Exercise instructions -
Your answer must be the listing repeated word for word, without its pictures.

Raw data -

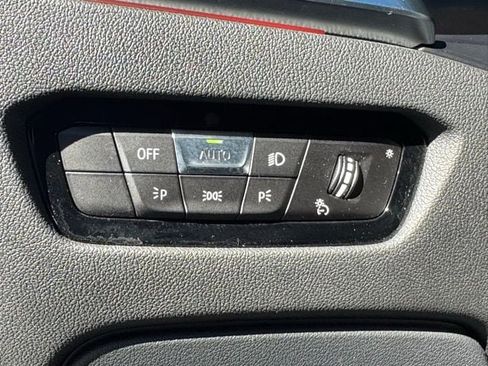 Used 2021 BMW 430i Convertible image 12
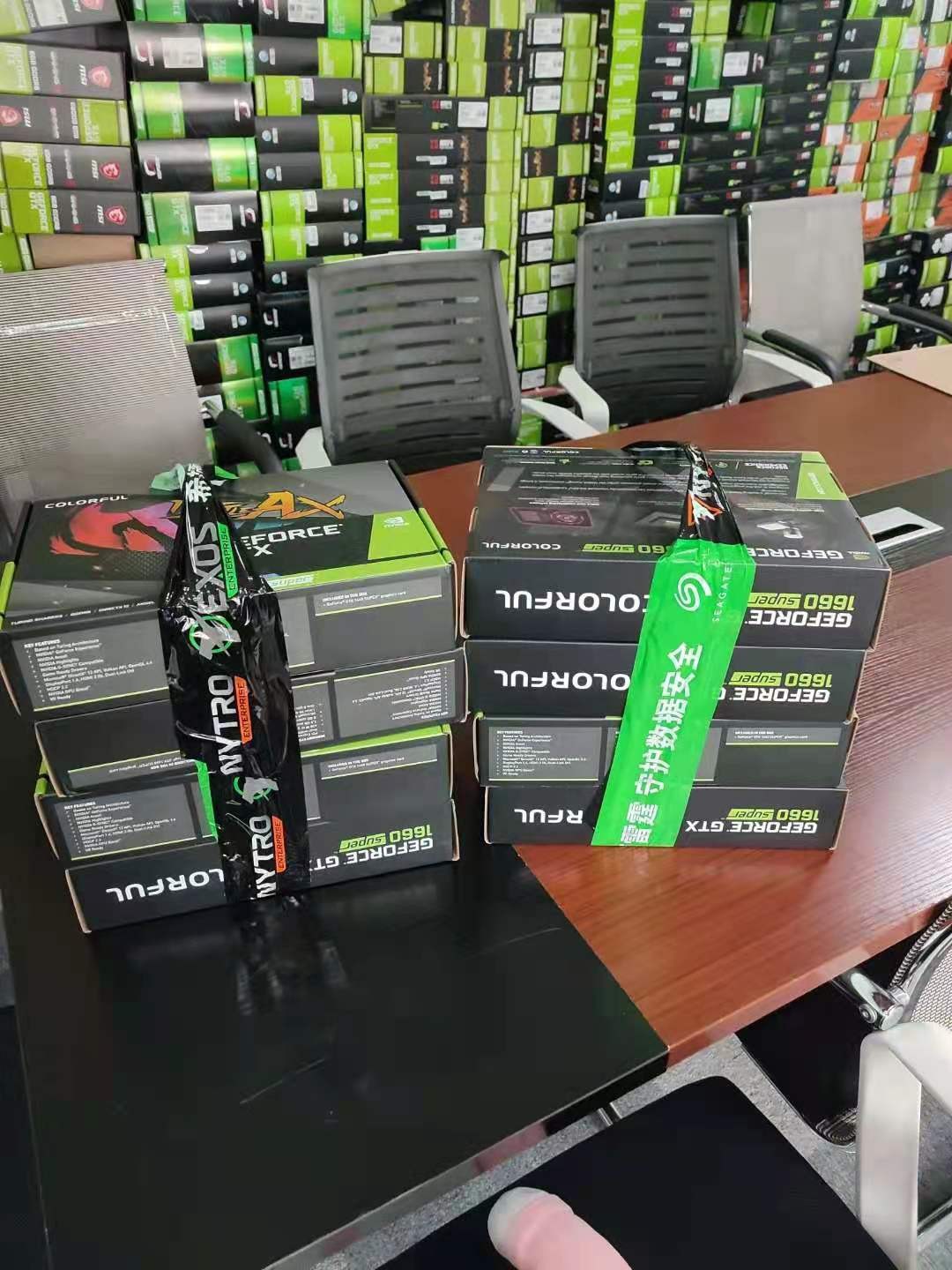 一线品牌显卡，全新未拆封，静音机箱
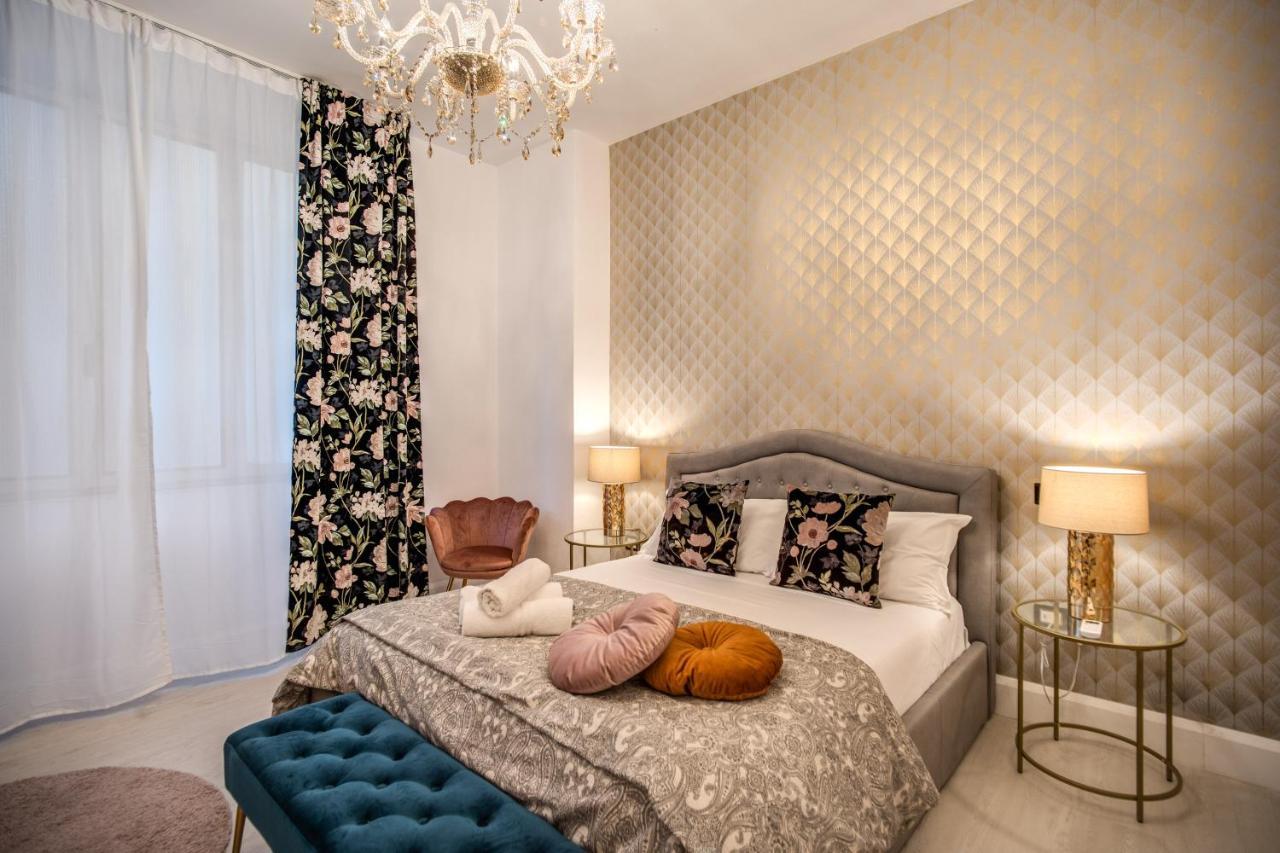 Aweshomeitaly - White Mirrors Apartment Pisa Exterior foto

Written answer -
 Used 2021 BMW 430i Convertible image 12
 一线品牌显卡，全新未拆封，静音机箱
 Aweshomeitaly - White Mirrors Apartment Pisa Exterior foto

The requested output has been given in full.